Edson GuittiO desempregado Abdias Silva: ‘‘Tusso muito e nunca fui ao médico’’.A falta de acesso à informação sobre a doença é o principal motivo do aumento de casos de tuberculose nos 29 municípios da região de Maringá subordinados à 15ª Regional de Saúde. Em 95, dos 168 casos notificados, a Regional registrou três mortes. Em 96, dos 151 casos, quatro resultaram em mortes. Este ano, já foram notificados sete casos. ‘‘Com certeza, existem muitos mais casos que a gente não sabe. E tem muita gente andando por aí com a doença já instalada, espalhando o bacilo dentro de ônibus e ambientes fechados, sem saber de nada’’, afirmou a enfermeira Neiva Higaki, da 15ª Regional.

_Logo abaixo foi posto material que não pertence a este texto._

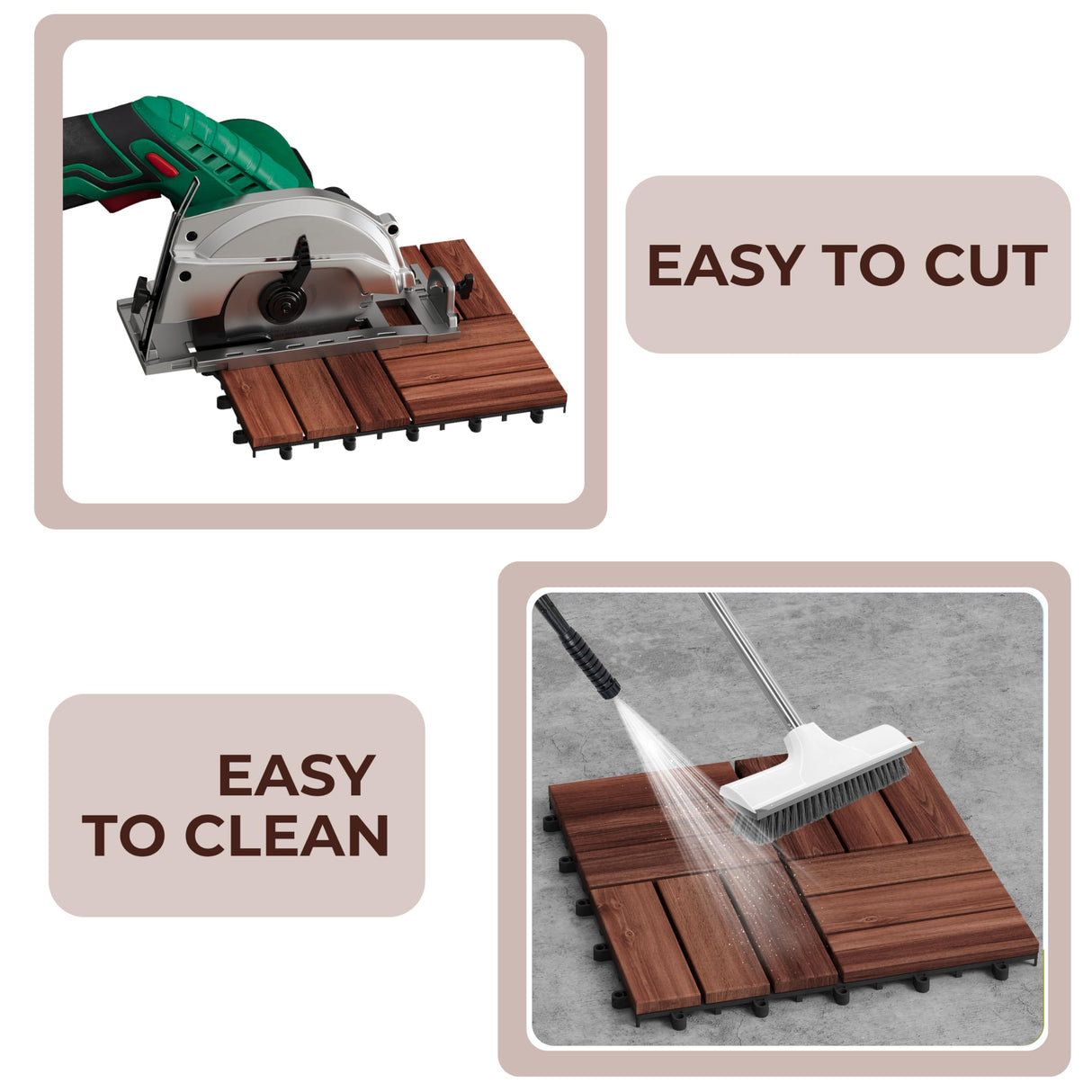 9 PCS Interlocking Deck Tiles 12" x 12"- Acacia Wood Deck Tiles Waterproof - Patio Deck Tiles for Indoor & Outdoor Use, Drainage, Non Slip, Easy Installation (Brown) J CLOVER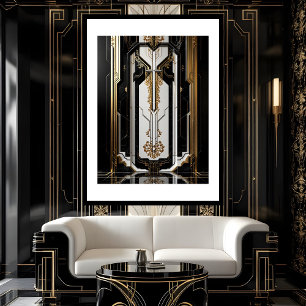 1920 Art Deco geometrische gouden frame zwart wit Poster
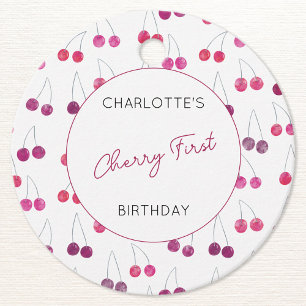 Cherry First Birthday Personalised Cherries Favour Tags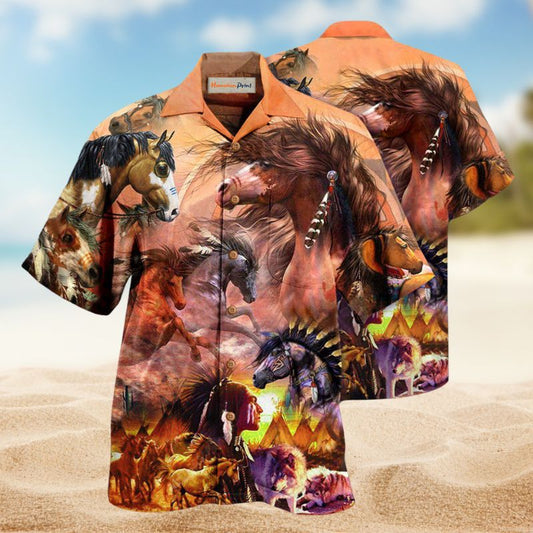 American Horses Spirit Native Hawaiian Shirt For Patriotic Events, Summer Travel, And Casual Outdoor Wear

A enfermeira lembra que a doença atinge principalmente a população de baixa renda desses municípios. ‘‘Sem acesso à informação e aos hospitais e postos de saúde, essas pessoas, quando começam a tossir, tomam qualquer remedinho e acham que isso vai resolver o problema’’. Segundo ela, quando um caso é notificado nos postos de saúde da região, uma equipe da Regional vai ao endereço do paciente e examina toda família. São feitos raios-X e baciloscopia de escarro.
Neiva alerta que quem estiver com tosse e expectoração por mais de quatro semanas consecutivas, suores noturnos e falta de apetite (a pessoa geralmente emagrece) deve procurar com urgência um posto de saúde. O tratamento é feito à base de três antibióticos: risonpcina, isomiezida e piradizinamida, que são distribuídos gratuitamente aos pacientes.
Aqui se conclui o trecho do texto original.